DIRECTIONS: Repeat the data in full and exactly. Leave the pictures out.

Collected data entries:
>>>>>

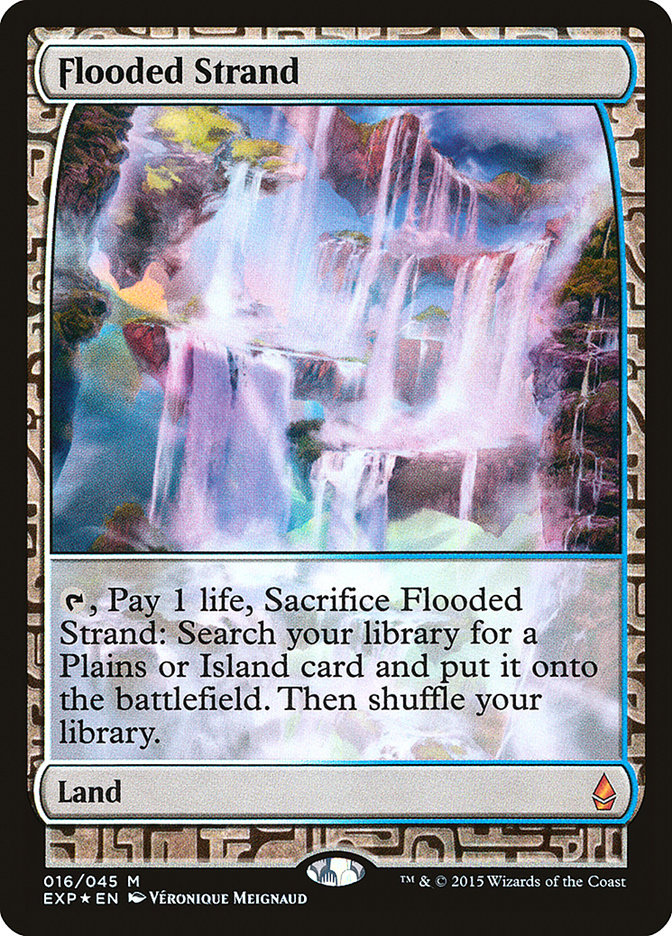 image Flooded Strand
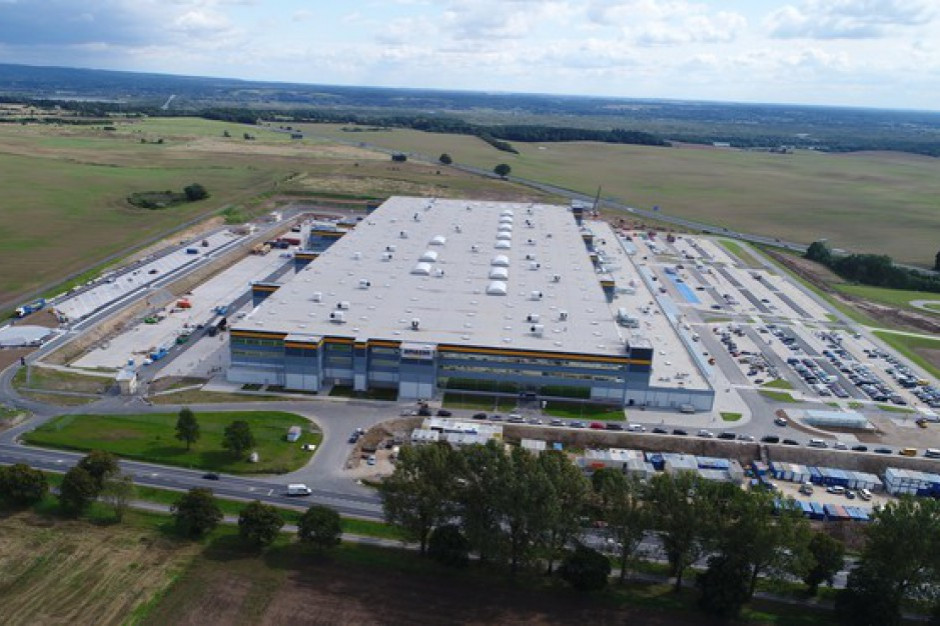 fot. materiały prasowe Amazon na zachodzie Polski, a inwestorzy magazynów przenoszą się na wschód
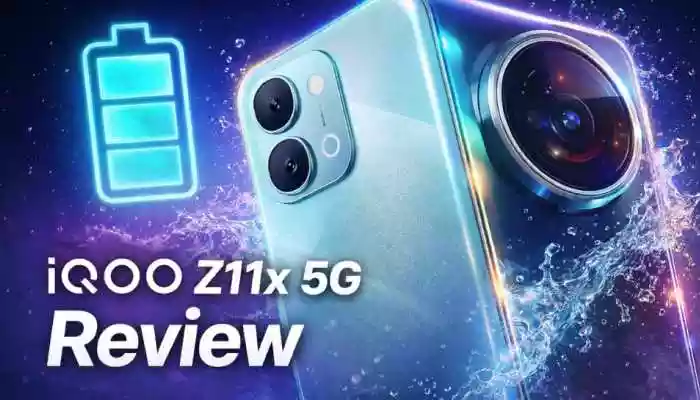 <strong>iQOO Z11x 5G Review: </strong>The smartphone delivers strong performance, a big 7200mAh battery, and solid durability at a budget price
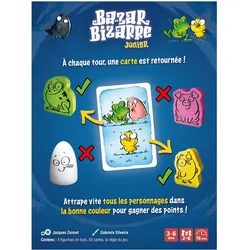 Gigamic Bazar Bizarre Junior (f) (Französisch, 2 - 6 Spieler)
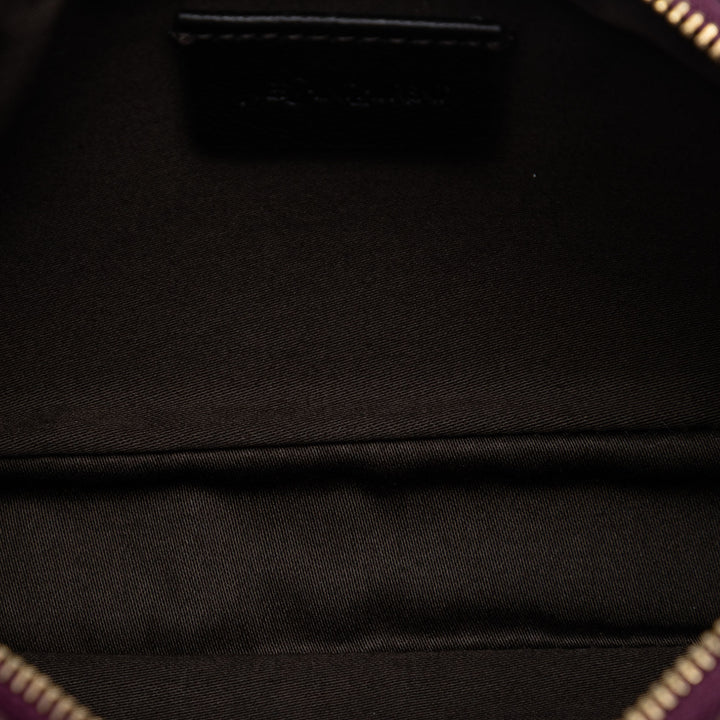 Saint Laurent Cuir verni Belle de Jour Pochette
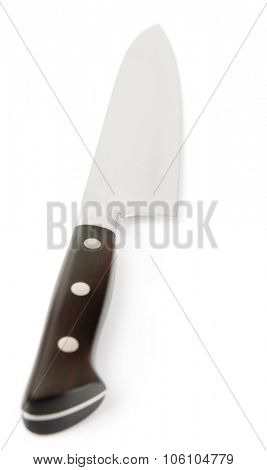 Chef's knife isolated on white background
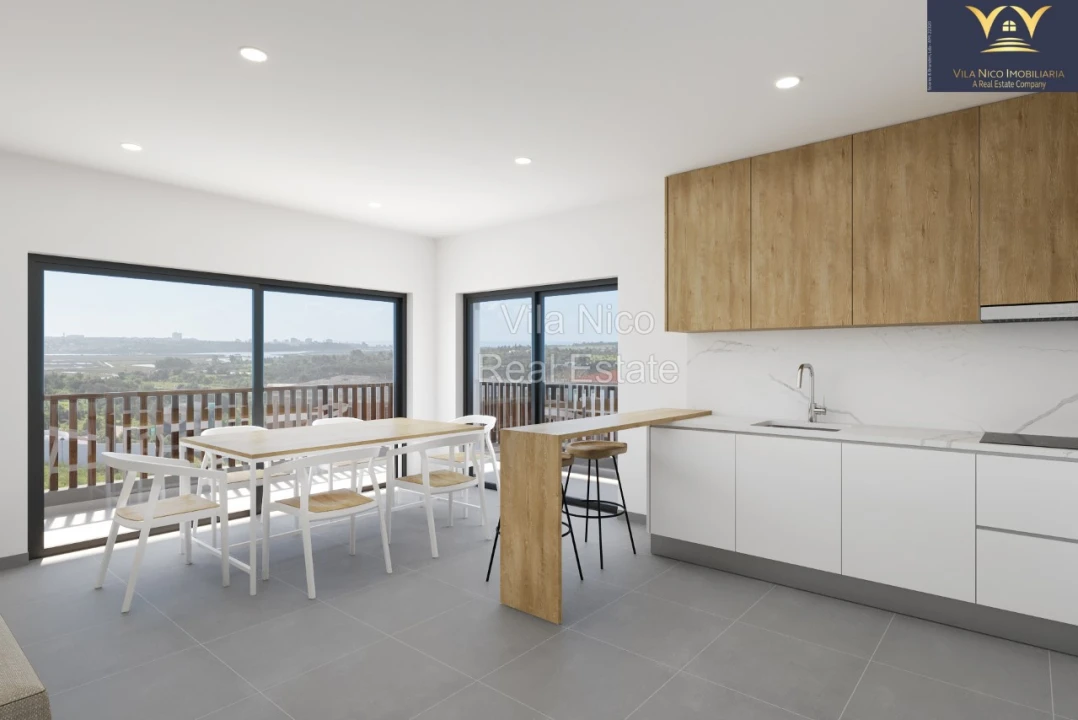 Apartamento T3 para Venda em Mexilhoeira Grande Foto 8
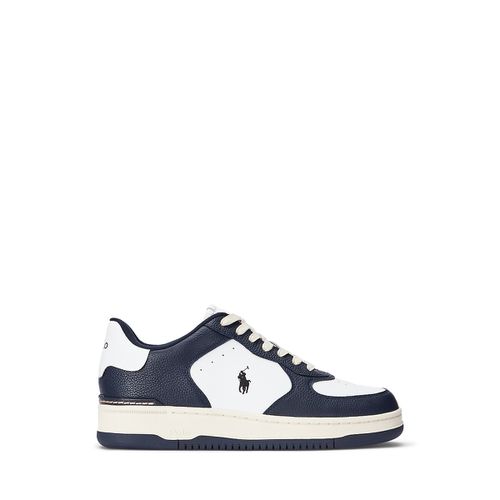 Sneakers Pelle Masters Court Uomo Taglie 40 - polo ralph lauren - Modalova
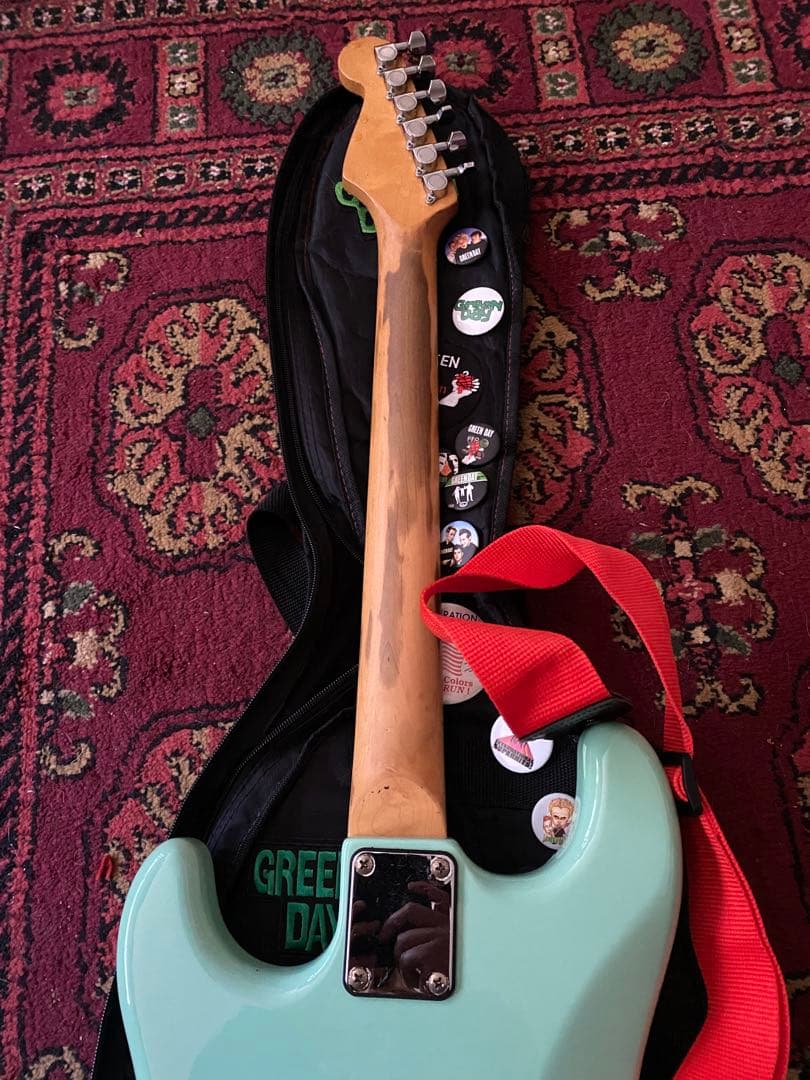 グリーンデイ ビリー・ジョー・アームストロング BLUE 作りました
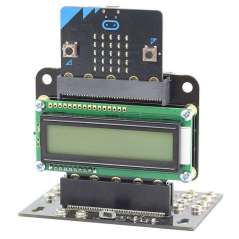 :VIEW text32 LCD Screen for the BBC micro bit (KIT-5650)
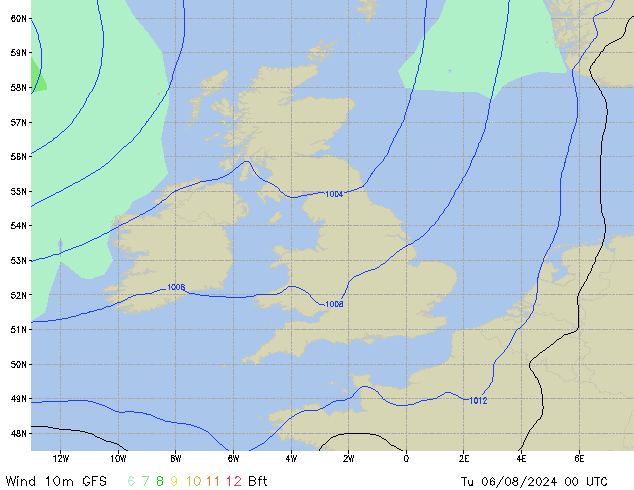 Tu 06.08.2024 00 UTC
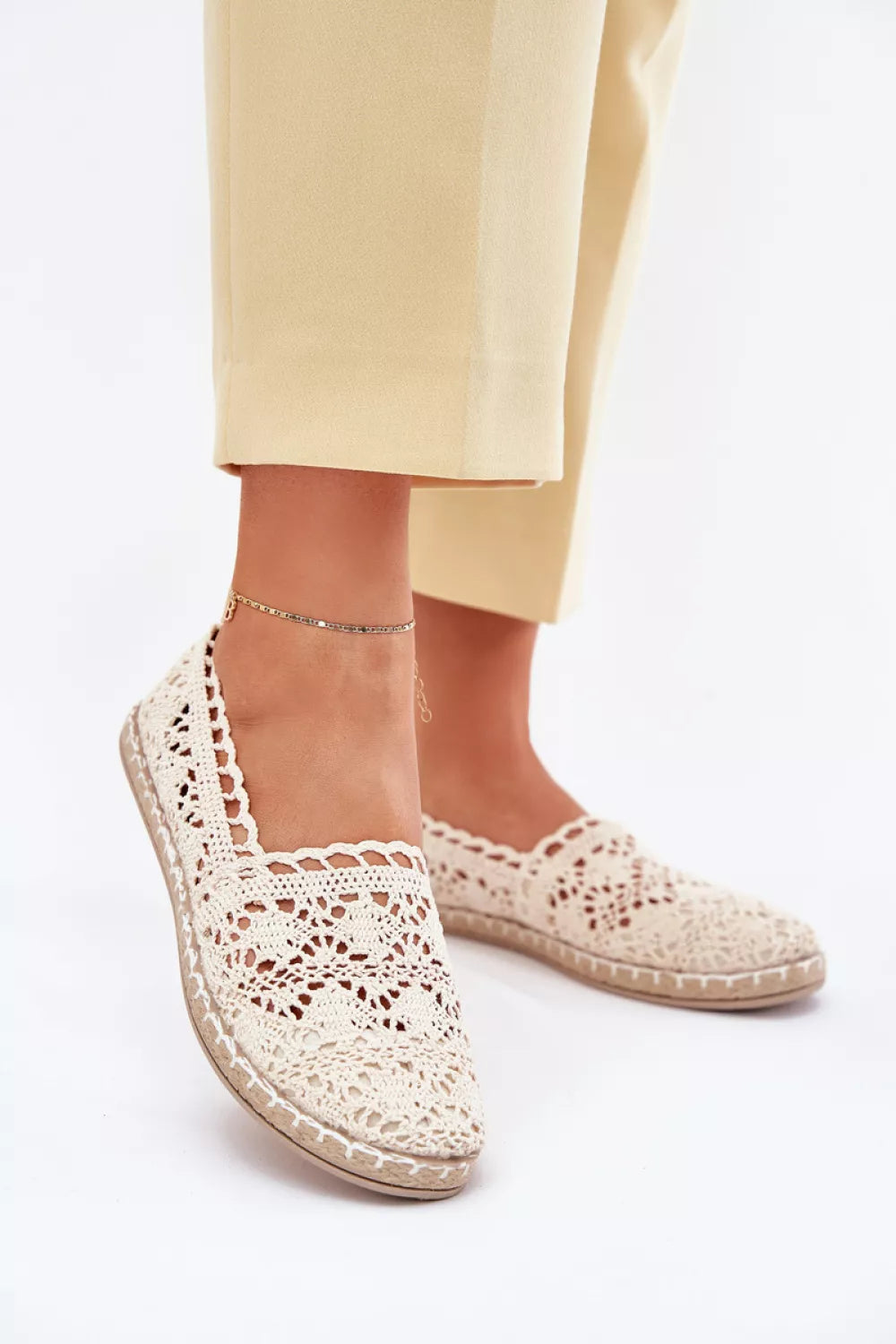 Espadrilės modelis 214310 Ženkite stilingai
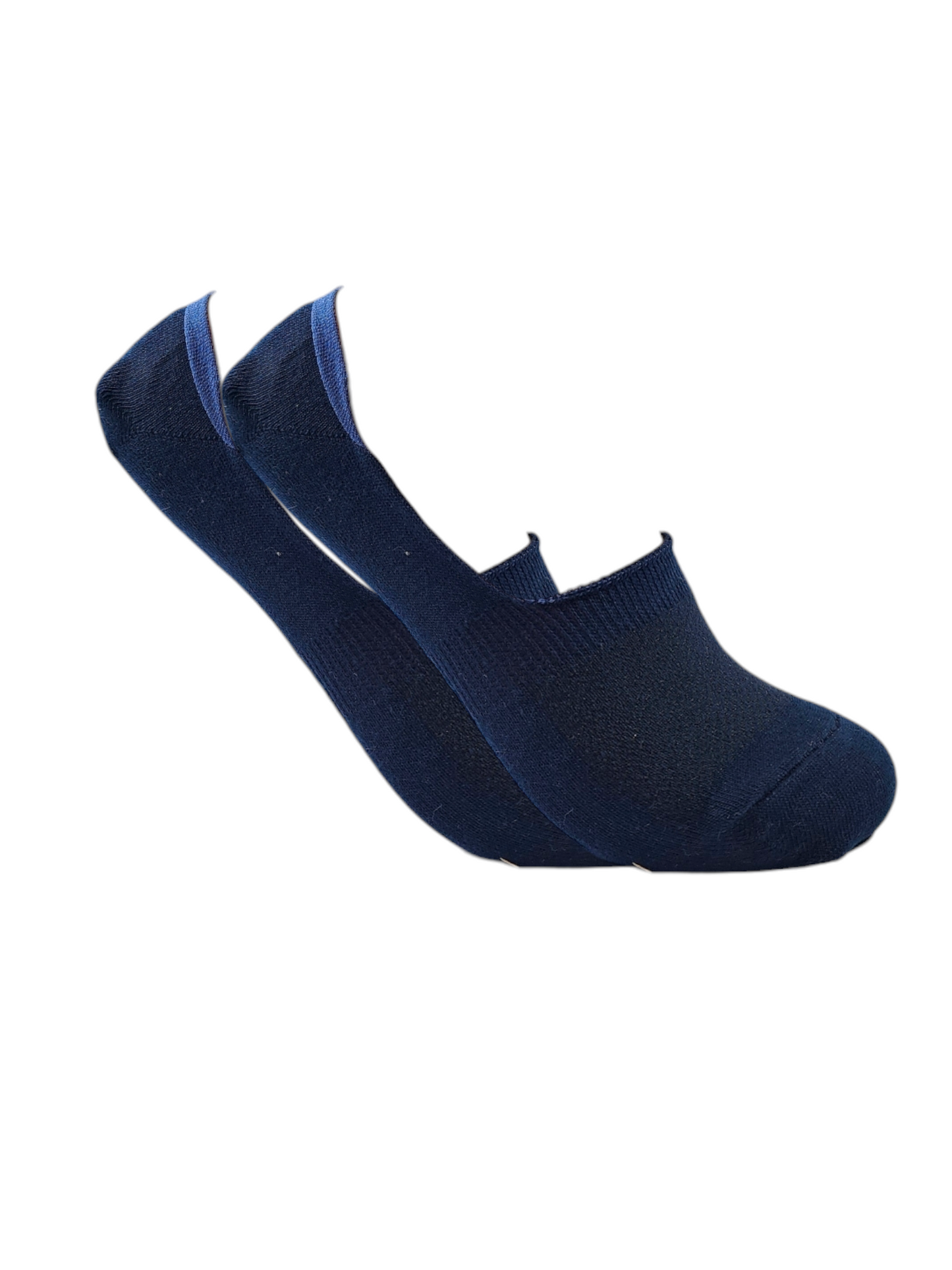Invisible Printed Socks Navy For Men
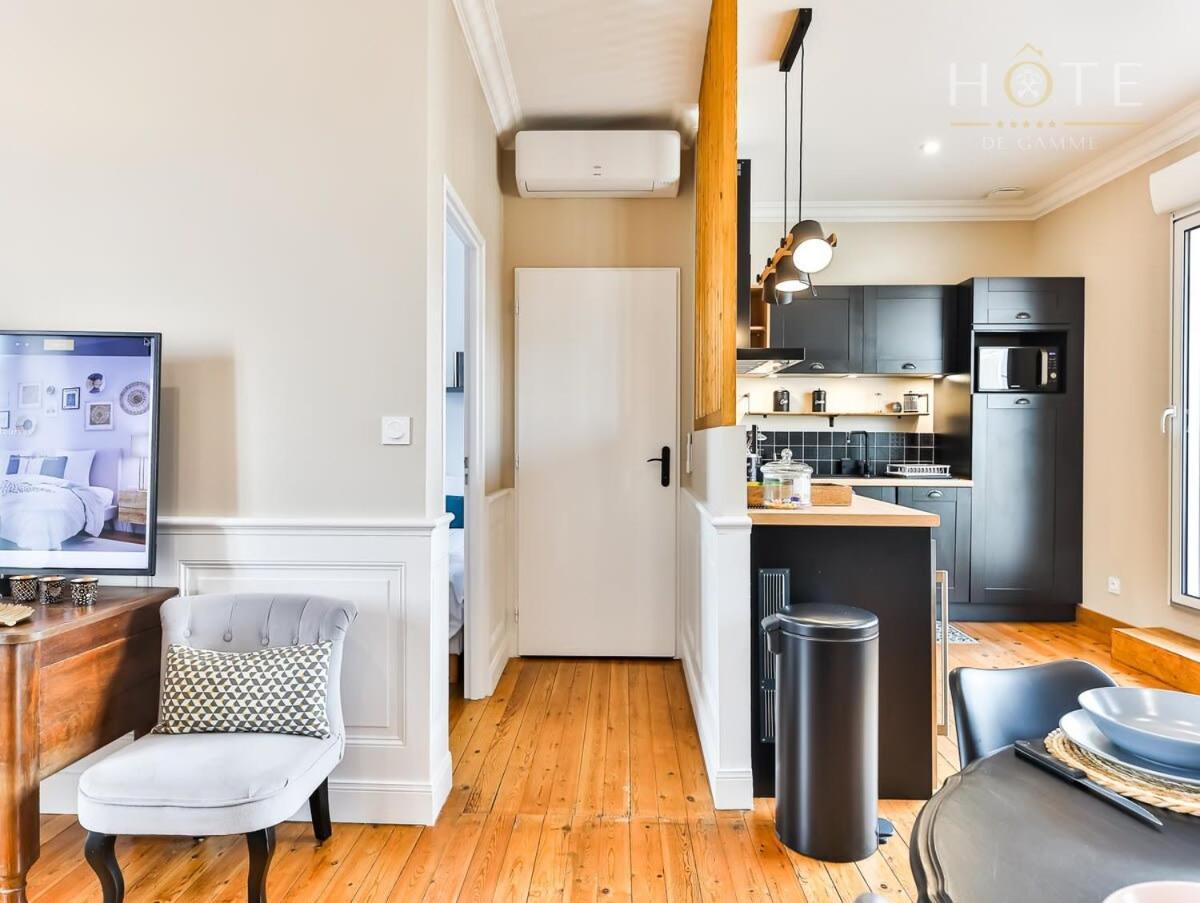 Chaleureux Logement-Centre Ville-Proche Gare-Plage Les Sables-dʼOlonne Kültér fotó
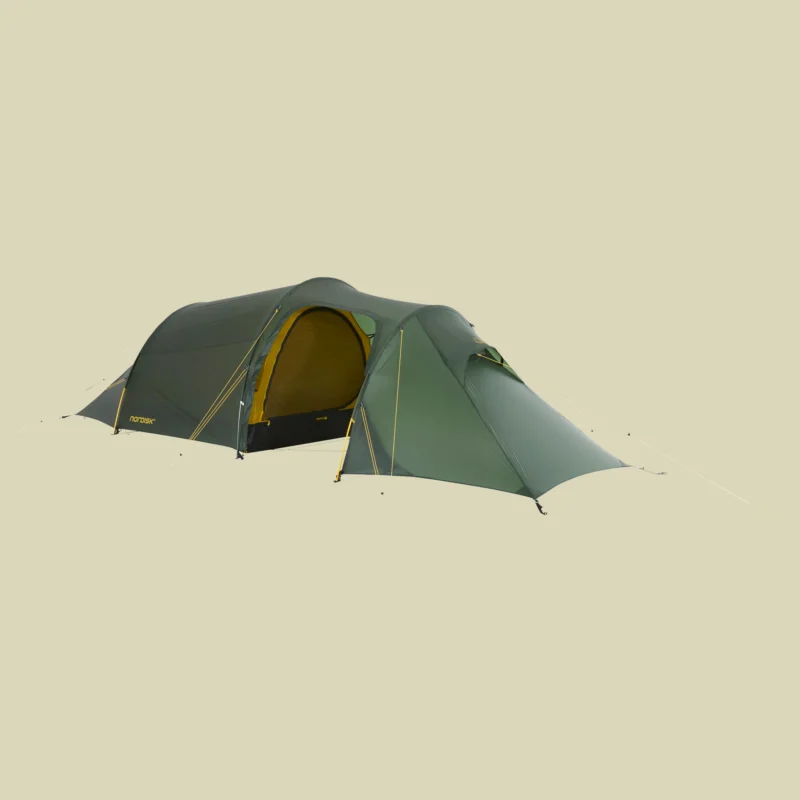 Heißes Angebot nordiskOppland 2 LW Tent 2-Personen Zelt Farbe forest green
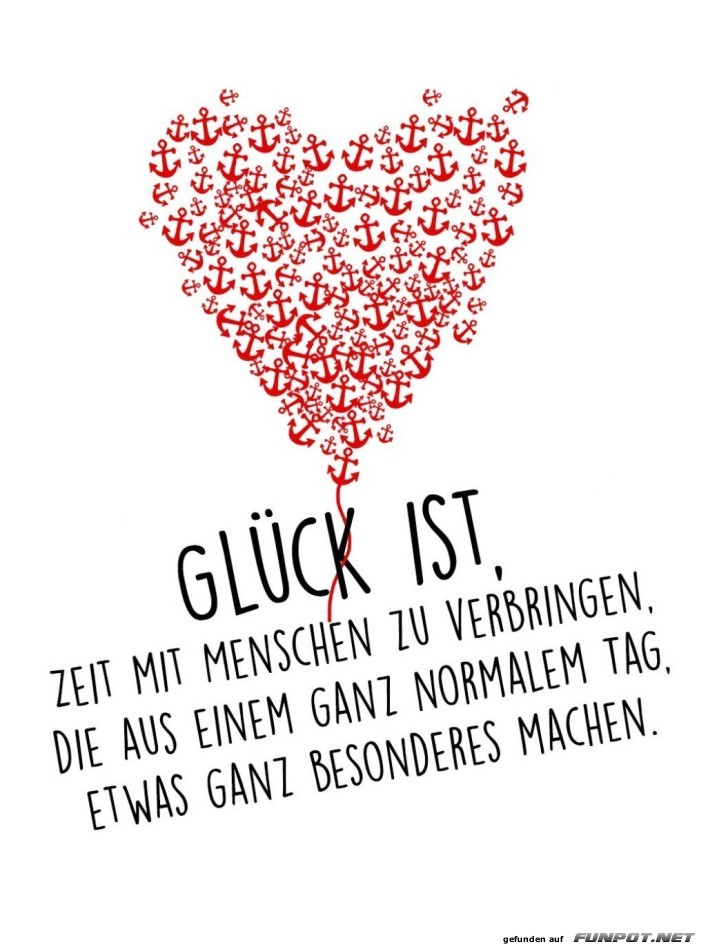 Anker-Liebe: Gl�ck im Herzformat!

<<<<<

RESULT:
 image Flooded Strand
 fot. materiały prasowe Amazon na zachodzie Polski, a inwestorzy magazynów przenoszą się na wschód
 <strong>iQOO Z11x 5G Review: </strong>The smartphone delivers strong performance, a big 7200mAh battery, and solid durability at a budget price
 Gigamic Bazar Bizarre Junior (f) (Französisch, 2 - 6 Spieler)
 Saint Laurent Cuir verni Belle de Jour Pochette
 Chef's knife isolated on white background
 Apartamento T3 para Venda em Mexilhoeira Grande Foto 8
 Sneakers Pelle Masters Court Uomo Taglie 40 - polo ralph lauren - Modalova
 グリーンデイ ビリー・ジョー・アームストロング BLUE 作りました
 :VIEW text32 LCD Screen for the BBC micro bit (KIT-5650)
 Tu 06.08.2024 00 UTC
 Espadrilės modelis 214310 Ženkite stilingai
Invisible Printed Socks Navy For Men
 Chaleureux Logement-Centre Ville-Proche Gare-Plage Les Sables-dʼOlonne Kültér fotó
 Heißes Angebot nordiskOppland 2 LW Tent 2-Personen Zelt Farbe forest green
 Anker-Liebe: Gl�ck im Herzformat!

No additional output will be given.